Hay muchos países federales y cuasi federales en el mundo —muchos de ellos entre los más desarrollados— en los que la enseñanza está descentralizada entre diferentes niveles de gobierno y no pasa nada. Al contrario, ese diseño constitucional recoge la diversidad de los territorios que, en el caso español, es significativamente importante por razones históricas. Y si hay parlamentos regionales, parece evidente que cada uno es libre de elegir su política de prioridades, aunque con límites perfectamente reconocibles.
Lo que falla, por lo tanto, es la ausencia de mecanismos efectivos de coordinación basados en la lealtad institucional. Probablemente, porque se ha diseñado un sistema autonómico carente de instituciones que den coherencia al conjunto del modelo. Tanto el Senado (por su deficiente configuración constitucional) como las conferencias sectoriales no son capaces de remar en la misma dirección y forman a menudo parte del guirigay político.
De hecho, el partido que está en la oposición suele utilizar los gobiernos autonómicos que controla como arietes para derribar al Gobierno central de turno, lo cual genera una cultura de los agravios comparativos que es la que se han enquistado en el sistema político.
Este mal funcionamiento de la arquitectura institucional del Estado autonómico es lo que explica el creciente malestar sobre el funcionamiento del modelo territorial, lo cual está detrás de la absurda idea de tirar el agua sucia del barreño con el niño dentro. Es decir, la ocurrencia de volver a un sistema centralizado en materias como la educación o la sanidad, cuando una de las razones del éxito de España como nación en los últimos 40 años ha sido, precisamente, recoger constitucionalmente la diversidad territorial del país.
Pero el Estado autonómico no es sinónimo de dejación de poderes, que es lo que han hecho de forma sistemática los gobiernos centrales en aras de lograr mayorías parlamentarias, y no solo con los nacionalismos.
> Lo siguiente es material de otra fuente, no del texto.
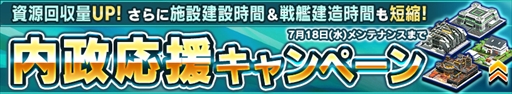 画像ギャラリー No.017のサムネイル画像 / 「ガンダムコンクエスト」，“シーズン17開始記念ガシャ”が登場。各種キャンペーンの開催も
Ni ha funcionado la alta inspección del Estado ni los partidos políticos han sido capaces de poner al día el Título VIII de la Constitución, lo que ha generado una enorme conflictividad legal que al final se ha resuelto de la manera más bizarra: cada uno hace de su capa un sayo en la creencia de cualquier consejero autonómico tiene poderes omnímodos. Incluso, para cambiar el pasado y reescribir la historia.